Tuesday, December 22, 2009

Quick and Easy Rocky Road Fudge


This is really good fudge and there's nothing to it. I doubled the recipe and put it in a 9x13" pan so I wouldn't mind giving a lot of it away. That logic didn't end up working because honestly, it's so good I do mind giving it away! The recipe comes from chocolate genius Lora Brody's cookbook Chocolate American Style, which I just spent the past weekend studying in depth. I've marked about a dozen pages of things to try, and this fudge was first on the list.

It makes a great homemade gift because, first of all, who doesn't like fudge, and second of all, it has a long shelf life so you can make it days in advance of your gift-giving and the recipient doesn't have to eat it all at once. Go to Michaels craft store or other creative supply shop and buy some goodie boxes, cute ribbon, stickers, and perhaps paper cup liners, and make a fun project out of decorating the fudge gift boxes.


Quick and Easy Rocky Road Fudge
Recipe by Lora Brody in Chocolate American Style

Makes 1 1/4 pounds: 24 generous pieces

Unsalted butter for preparing the pan
1 2/3 cups (13 ounces) sugar
2/3 cup evaporated milk
2 ounces unsweetened chocolate, chopped
1 1/2 cups (3 ounces) miniature marshmallows
3/4 cup (3 ounces) toasted nuts of your choice, coarsely chopped
6 ounces semisweet chocolate chips

Generously butter an 8-inch square baking pan. Line the pan with enough aluminum foil to overlap two opposite sides of the pan by 2 inches. Butter all the foil that touches the bottom and sides of the pan.

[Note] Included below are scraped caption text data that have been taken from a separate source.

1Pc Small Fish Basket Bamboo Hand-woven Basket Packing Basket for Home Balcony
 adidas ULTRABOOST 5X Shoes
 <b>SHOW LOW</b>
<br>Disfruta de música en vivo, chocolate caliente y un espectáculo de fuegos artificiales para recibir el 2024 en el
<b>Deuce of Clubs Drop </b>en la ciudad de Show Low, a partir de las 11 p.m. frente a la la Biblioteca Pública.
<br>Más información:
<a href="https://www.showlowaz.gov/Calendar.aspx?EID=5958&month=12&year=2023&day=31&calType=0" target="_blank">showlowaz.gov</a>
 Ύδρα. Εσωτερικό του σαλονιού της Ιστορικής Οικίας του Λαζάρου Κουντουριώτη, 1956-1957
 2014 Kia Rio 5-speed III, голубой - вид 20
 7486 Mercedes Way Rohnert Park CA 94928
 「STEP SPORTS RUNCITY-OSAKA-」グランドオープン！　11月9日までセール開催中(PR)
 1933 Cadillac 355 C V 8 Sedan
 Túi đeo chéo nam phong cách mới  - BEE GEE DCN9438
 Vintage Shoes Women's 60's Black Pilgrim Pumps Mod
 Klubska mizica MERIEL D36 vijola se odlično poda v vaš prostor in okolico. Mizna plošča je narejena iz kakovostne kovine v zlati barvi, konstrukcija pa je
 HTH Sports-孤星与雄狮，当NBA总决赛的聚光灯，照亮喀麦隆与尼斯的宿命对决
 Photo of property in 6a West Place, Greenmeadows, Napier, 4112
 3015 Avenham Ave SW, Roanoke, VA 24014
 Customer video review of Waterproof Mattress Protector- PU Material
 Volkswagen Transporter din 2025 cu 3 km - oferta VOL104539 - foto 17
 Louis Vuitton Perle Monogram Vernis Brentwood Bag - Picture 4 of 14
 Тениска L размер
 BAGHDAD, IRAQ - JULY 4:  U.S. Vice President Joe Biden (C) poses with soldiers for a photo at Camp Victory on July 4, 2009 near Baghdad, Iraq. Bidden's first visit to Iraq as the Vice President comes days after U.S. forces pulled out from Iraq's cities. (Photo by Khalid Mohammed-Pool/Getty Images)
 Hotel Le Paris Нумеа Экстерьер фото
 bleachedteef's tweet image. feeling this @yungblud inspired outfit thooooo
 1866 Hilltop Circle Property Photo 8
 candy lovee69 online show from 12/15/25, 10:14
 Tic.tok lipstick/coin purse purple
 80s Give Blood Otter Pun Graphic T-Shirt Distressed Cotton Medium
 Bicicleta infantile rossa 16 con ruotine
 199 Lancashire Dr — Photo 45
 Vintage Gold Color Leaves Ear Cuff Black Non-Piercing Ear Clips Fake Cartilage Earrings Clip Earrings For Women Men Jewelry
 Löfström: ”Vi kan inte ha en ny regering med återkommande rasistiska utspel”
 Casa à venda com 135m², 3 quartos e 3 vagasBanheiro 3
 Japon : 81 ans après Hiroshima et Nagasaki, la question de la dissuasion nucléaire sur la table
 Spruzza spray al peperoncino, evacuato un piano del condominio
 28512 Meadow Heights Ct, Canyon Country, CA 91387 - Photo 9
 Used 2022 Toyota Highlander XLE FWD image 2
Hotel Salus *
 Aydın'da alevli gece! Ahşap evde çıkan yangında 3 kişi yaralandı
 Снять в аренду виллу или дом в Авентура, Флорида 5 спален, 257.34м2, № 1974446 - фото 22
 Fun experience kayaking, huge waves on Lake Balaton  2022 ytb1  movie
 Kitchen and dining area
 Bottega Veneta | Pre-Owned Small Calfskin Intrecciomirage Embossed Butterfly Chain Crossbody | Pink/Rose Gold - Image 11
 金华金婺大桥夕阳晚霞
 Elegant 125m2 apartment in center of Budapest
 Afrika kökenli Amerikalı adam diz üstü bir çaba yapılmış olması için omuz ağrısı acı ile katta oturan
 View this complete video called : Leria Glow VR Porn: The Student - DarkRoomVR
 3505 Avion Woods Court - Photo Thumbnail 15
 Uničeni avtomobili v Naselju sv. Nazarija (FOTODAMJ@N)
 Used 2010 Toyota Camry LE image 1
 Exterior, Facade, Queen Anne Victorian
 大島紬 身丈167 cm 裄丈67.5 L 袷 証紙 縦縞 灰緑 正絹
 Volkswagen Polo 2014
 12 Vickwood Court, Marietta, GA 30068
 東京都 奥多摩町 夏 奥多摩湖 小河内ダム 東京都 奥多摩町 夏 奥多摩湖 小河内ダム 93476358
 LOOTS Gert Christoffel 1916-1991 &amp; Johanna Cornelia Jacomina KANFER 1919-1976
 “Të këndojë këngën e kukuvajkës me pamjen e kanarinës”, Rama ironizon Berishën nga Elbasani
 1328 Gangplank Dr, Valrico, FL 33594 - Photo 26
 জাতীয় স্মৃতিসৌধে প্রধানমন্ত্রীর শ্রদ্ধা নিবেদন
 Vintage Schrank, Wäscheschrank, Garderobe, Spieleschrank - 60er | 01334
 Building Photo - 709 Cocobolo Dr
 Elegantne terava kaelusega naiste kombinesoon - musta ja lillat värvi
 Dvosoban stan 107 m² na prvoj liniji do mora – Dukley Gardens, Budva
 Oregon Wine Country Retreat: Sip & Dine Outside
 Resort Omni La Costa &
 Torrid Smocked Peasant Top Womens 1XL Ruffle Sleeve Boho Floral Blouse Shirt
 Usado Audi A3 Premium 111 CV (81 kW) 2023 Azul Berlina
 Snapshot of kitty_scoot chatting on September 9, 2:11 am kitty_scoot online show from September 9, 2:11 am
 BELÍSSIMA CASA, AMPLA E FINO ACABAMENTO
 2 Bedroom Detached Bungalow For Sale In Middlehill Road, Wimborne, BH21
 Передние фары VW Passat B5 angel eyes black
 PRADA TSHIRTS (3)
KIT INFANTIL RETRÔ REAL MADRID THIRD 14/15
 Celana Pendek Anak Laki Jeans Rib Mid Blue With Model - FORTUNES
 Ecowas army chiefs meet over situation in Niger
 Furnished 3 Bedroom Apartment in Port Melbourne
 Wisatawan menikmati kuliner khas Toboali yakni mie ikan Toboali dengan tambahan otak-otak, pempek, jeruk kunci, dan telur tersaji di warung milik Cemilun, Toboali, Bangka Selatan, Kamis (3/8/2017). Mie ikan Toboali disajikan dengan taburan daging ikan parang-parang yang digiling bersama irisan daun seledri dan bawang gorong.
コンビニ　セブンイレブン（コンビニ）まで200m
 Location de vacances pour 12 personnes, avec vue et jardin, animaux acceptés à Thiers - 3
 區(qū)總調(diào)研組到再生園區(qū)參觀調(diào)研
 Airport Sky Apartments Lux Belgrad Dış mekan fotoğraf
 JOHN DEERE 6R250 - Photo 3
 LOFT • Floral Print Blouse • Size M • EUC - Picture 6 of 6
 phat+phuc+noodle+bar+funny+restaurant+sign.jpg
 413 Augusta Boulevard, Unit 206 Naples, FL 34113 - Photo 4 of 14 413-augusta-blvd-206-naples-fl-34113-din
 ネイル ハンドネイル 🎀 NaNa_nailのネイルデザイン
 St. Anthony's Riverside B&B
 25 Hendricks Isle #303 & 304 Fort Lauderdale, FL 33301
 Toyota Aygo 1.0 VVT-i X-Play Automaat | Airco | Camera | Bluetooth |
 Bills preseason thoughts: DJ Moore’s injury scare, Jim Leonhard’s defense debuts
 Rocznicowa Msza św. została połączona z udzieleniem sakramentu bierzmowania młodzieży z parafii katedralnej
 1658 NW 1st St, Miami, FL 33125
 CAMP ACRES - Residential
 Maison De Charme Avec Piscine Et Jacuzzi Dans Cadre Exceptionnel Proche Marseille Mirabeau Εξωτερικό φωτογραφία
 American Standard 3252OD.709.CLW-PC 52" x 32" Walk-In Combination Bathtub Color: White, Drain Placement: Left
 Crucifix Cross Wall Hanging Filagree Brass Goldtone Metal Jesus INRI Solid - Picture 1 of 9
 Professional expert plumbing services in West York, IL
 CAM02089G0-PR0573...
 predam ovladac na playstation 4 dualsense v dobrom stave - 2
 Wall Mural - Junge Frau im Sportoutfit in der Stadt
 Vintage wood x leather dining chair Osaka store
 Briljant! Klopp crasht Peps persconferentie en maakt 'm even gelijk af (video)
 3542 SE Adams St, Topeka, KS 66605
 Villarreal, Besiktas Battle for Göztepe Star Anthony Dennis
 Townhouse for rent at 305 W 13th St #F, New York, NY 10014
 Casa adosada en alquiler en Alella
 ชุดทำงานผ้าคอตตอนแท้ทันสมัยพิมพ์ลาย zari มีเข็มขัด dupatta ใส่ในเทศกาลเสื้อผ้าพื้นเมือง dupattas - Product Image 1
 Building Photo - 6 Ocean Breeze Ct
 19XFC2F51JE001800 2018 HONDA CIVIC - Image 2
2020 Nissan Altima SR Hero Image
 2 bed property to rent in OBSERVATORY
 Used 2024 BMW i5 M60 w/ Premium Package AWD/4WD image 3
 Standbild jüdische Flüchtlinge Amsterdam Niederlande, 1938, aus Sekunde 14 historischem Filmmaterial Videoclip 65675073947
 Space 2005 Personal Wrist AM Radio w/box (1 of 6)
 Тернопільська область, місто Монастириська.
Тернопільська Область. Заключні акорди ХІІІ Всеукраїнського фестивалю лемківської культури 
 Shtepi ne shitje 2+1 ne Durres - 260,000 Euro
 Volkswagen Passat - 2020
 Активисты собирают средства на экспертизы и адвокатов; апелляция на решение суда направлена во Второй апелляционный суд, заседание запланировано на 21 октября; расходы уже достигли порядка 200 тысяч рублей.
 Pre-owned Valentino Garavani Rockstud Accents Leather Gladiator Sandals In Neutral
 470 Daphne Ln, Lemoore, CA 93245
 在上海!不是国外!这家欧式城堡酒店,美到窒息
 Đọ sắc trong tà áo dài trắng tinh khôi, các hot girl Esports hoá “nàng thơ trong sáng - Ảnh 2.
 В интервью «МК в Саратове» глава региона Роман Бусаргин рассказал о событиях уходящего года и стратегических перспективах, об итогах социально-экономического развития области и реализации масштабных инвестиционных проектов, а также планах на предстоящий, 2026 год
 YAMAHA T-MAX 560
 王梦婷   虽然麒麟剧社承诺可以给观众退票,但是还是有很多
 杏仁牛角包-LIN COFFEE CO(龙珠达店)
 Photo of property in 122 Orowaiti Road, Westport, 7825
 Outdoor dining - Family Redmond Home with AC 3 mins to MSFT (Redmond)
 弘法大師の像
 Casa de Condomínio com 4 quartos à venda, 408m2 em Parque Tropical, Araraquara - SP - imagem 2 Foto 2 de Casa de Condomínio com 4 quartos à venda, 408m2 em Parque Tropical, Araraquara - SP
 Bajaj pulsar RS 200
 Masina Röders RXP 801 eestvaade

Place the sugar and evaporated milk in a 2-quart saucepan and set it over medium heat. Stir constantly until the sugar dissolves and the mixture starts to simmer. Allow the mixture to come to a slow boil, and cook it for 5 minutes, stirring constantly. Stir well around the bottom of the pan so that the mixture doesn't burn.

Remove the saucepan from the heat and add the unsweetened chocolate. Stir until the chocolate melts. Add the marshmallows and nuts and stir until the fudge begins to cool and thicken. Stir in the chocolate chips and pour and scrape the mixture into the prepared pan. Press the mixture into the pan and allow it to cool until firm.

Unmold the fudge onto a cutting board. Peel off the foil and use a long, sharp knife dipped in hot water and dried to cut the fudge into portions.

The fudge can be stored in an airtight container at room temperature for several weeks.


Step-by-Step in Pictures

Heat up the sugar and evaporated milk...

Stir constantly until sugar is dissolved and liquid is simmering...

Remove the pan from the heat and add the unsweetened chocolate...

When the chocolate has melted, add the marshmallows...

Let the marshmallows melt...

Add the toasted walnuts...

Continue stirring until the mixture thickens...

Add the chocolate chips...

Pour the mixture into the prepared pan and let cool until firm...

Yum. So chocolaty!

3 comments:

Mom said...

We love this recipe! It's so creamy and love the added mini-marshmallows, nuts, and chocolate chips. Dad doesn't want to share them either so it looks like I'll be making a batch especially for him!

Jays said...

Ooh, I want this fudge now! Must make this! So perfect for my little Jane, too, who can't have wheat and is therefore missing out on a lot of the Christmas cookies.

Marni said...

Mom - haha that's soooooo funny! Lucky Dad to get his own giant pan of fudge.

Deborah - You're right, this is a great alternative to cookies, especially for gluten-free needs. You could skip the nuts if Jane doesn't like nuts, or maybe add M&Ms at the end instead.